In these Labs you will gain hands-on experience the Cloudera Data Engineering Service. You will:
- Develop a PySpark and Iceberg Application connecting to a Spark Virtual Cluster via Spark Connect using the JupyterLab IDE.
- Prototype your Spark Application in a dedicated CDE DEV environment.
- Use git to back up your code and push it to a dedicated CDE PRD environment.
- Create an Airflow Pipeline to orchestrate multiple Spark Applications.
- Monitor your Spark Applications with CDP Observability and the CDP Data Catalog.
CDE is the Cloudera Data Engineering Service, a containerized managed service for Cloudera Data Platform designed for Large Scale Batch Pipelines with Spark, Airflow and Iceberg. It allows you to submit batch jobs to auto-scaling virtual clusters. As a Cloud-Native service, CDE enables you to spend more time on your applications, and less time on infrastructure.

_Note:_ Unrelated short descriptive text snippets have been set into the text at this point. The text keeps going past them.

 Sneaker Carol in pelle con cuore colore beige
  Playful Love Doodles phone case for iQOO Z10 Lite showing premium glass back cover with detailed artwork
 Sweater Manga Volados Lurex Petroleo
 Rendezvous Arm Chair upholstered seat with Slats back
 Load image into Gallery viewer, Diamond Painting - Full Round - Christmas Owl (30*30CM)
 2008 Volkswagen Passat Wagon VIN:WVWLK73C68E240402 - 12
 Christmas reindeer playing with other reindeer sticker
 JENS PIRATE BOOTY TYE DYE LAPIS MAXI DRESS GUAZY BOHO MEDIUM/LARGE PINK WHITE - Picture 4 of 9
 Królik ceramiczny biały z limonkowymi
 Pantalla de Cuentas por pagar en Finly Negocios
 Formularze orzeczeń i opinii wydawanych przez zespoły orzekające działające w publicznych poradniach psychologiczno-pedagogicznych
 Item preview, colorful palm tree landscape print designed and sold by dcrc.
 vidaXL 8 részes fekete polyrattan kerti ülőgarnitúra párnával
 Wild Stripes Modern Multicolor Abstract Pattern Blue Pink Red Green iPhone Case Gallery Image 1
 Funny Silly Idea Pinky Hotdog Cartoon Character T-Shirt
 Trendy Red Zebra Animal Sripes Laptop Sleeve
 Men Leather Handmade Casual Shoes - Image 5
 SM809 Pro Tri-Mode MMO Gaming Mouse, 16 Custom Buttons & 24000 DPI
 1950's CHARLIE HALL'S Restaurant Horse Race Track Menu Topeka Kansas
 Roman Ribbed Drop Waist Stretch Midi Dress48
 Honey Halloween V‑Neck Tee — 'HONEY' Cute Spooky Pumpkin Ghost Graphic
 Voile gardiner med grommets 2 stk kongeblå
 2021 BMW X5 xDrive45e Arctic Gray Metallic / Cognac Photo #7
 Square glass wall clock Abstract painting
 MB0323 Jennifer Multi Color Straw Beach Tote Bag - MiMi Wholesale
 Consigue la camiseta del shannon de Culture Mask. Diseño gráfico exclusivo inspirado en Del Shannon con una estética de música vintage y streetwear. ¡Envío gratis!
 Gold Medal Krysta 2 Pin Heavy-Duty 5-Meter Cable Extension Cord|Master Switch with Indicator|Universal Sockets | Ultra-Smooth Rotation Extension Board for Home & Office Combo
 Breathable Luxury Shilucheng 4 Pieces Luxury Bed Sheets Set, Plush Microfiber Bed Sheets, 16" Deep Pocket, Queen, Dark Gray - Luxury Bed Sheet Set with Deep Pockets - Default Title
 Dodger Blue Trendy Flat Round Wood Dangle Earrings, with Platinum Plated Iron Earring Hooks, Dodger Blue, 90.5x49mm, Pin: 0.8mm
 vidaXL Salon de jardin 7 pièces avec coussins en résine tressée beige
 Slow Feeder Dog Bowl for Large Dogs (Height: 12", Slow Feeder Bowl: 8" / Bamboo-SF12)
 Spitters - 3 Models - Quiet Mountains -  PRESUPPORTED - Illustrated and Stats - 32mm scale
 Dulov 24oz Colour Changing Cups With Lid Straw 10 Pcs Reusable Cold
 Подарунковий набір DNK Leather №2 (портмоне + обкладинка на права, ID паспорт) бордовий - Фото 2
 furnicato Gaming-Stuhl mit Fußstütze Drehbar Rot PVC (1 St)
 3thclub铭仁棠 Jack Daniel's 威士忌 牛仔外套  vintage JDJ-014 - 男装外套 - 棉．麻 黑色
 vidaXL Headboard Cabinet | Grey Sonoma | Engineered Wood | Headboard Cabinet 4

CDE allows you to create, manage, and schedule Apache Spark jobs without the overhead of creating and maintaining Spark clusters. With CDE, you define virtual clusters with a range of CPU and memory resources, and the cluster scales up and down as needed to run your Spark workloads, helping to control your cloud costs.
- CDE Architecture (xx minutes)
- Introduction to the CDE Service
- CDP Environment
- CDP Service
- Virtual Cluster
- CDE Jobs
- CDE Resource
- Job Run
- CDE Sessions
- Apache Iceberg
- CDE User Interface
- Summary
- Introduction to the CDE Service
- CDE Development (xx minutes)
- Lab 1. Spark Application Development
- Lab 2. CDE Repositories, Jobs, and Monitoring
- CDE Deployment (xx minutes)
- Lab 3. Promote to higher env using API by replicating repo and redeploy
- Lab 4. Build Orchestration Pipeline with Airflow
- CDE Observability (xx minutes)
- Lab 5. Monitoring Jobs with Cloudera Observability and CDE
- Lab 6. Spark Job Governance with CDP Data Catalog
- Additional Labs (xx minutes)
- Lab x. Time dependant
Detailed instructions are provided in the step_by_step_guides.
The HOL requires data and CDE dependencies (e.g. shared Files, Pyhton, Docker Resource) to be created before the event. The attached Setup Guide provides instructions for completing these requirements.